Department of Chromosome Biology, Max Perutz Labs, University of Vienna, Vienna Biocenter, Vienna, Austria.
PLoS One. 2023 Mar 23;18(3):e0283590. doi: 10.1371/journal.pone.0283590. eCollection 2023.
Cyclin dependent-kinase 2 (CDK2) plays important functions during the mitotic cell cycle and also facilitates several key events during germ cell development. The majority of CDK2's known meiotic functions occur during prophase of the first meiotic division. Here, CDK2 is involved in the regulation of meiotic transcription, the pairing of homologous chromosomes, and the maturation of meiotic crossover sites. Despite that some of the CDK2 substrates are known, few of them display functions in meiosis. Here, we investigate potential meiotic CDK2 substrates using in silico and in vitro approaches. We find that CDK2 phosphorylates PMS2 at Thr337, PMS1 at Thr331, and MLH1 in vitro. Phosphorylation of PMS2 affects its interaction with MLH1 to some degree. In testis extracts from mice lacking Cdk2, there are changes in expression of PMS2, MSH2, and HEI10, which may be reflective of the loss of CDK2 phosphorylation. Our work has uncovered a few CDK2 substrates with meiotic functions, which will have to be verified in vivo. A better understanding of the CDK2 substrates will help us to gain deeper insight into the functions of this universal kinase.

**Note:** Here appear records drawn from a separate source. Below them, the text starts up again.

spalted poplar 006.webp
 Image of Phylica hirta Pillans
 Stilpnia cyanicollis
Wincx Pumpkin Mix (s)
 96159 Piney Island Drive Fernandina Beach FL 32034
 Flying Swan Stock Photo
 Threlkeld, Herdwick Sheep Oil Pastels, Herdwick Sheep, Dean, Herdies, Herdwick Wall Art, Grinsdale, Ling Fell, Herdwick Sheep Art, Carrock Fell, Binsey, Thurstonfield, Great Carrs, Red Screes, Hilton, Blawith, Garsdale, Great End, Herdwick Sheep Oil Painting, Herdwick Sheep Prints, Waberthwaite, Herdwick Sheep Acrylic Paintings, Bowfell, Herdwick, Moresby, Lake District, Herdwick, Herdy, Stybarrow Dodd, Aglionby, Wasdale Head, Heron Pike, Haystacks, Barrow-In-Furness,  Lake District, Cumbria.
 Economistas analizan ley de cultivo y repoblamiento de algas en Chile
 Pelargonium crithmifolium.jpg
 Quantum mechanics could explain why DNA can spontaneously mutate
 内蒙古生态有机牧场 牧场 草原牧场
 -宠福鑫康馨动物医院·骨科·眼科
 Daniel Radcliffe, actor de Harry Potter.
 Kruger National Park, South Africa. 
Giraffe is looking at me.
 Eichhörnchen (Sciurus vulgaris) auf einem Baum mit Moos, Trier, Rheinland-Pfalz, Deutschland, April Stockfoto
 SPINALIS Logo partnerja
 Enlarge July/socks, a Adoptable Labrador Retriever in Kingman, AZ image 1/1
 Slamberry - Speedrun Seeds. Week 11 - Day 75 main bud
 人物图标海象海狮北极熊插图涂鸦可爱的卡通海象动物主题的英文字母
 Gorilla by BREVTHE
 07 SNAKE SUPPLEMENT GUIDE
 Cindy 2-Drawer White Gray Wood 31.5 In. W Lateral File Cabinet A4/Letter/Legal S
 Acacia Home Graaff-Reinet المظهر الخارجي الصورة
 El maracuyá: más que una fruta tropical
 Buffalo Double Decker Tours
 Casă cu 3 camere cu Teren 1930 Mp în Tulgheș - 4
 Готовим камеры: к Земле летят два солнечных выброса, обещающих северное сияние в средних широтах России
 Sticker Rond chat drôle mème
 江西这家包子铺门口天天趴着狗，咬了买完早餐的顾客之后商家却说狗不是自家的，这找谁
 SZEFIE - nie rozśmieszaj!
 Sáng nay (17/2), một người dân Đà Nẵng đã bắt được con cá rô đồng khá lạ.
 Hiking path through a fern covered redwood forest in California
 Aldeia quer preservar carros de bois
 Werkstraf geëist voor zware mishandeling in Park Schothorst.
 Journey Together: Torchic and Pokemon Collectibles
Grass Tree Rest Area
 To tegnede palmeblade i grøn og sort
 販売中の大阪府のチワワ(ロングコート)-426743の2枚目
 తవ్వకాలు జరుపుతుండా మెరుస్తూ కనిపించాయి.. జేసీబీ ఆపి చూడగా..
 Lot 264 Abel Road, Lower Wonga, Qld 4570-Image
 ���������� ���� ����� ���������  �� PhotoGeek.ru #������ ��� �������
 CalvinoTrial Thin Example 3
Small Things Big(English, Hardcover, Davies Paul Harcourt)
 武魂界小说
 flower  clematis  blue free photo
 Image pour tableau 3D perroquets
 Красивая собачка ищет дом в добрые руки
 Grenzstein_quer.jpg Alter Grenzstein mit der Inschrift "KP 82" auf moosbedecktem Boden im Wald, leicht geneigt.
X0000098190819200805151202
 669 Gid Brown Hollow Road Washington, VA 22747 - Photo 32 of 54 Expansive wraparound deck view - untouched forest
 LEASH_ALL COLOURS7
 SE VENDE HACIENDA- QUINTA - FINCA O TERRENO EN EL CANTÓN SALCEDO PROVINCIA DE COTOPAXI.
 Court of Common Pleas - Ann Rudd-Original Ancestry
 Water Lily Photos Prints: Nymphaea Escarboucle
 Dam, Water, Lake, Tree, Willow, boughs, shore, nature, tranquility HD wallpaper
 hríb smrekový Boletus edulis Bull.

周期蛋白依赖性激酶 2(CDK2)在有丝分裂细胞周期中发挥重要功能,并且还促进生殖细胞发育中的几个关键事件。CDK2 的大多数已知减数分裂功能发生在第一次减数分裂的前期。在这里,CDK2 参与减数分裂转录的调节、同源染色体的配对以及减数分裂交叉点的成熟。尽管已经知道 CDK2 的一些底物,但其中很少有显示出减数分裂功能。在这里,我们使用计算机模拟和体外方法来研究潜在的减数分裂 CDK2 底物。我们发现 CDK2 在体外磷酸化 PMS2 的 Thr337、PMS1 的 Thr331 和 MLH1。PMS2 的磷酸化在某种程度上影响其与 MLH1 的相互作用。在缺乏 Cdk2 的小鼠睾丸提取物中,PMS2、MSH2 和 HEI10 的表达发生变化,这可能反映了 CDK2 磷酸化的丧失。我们的工作已经发现了一些具有减数分裂功能的 CDK2 底物,这些底物还必须在体内进行验证。对 CDK2 底物的更好理解将帮助我们更深入地了解这种通用激酶的功能。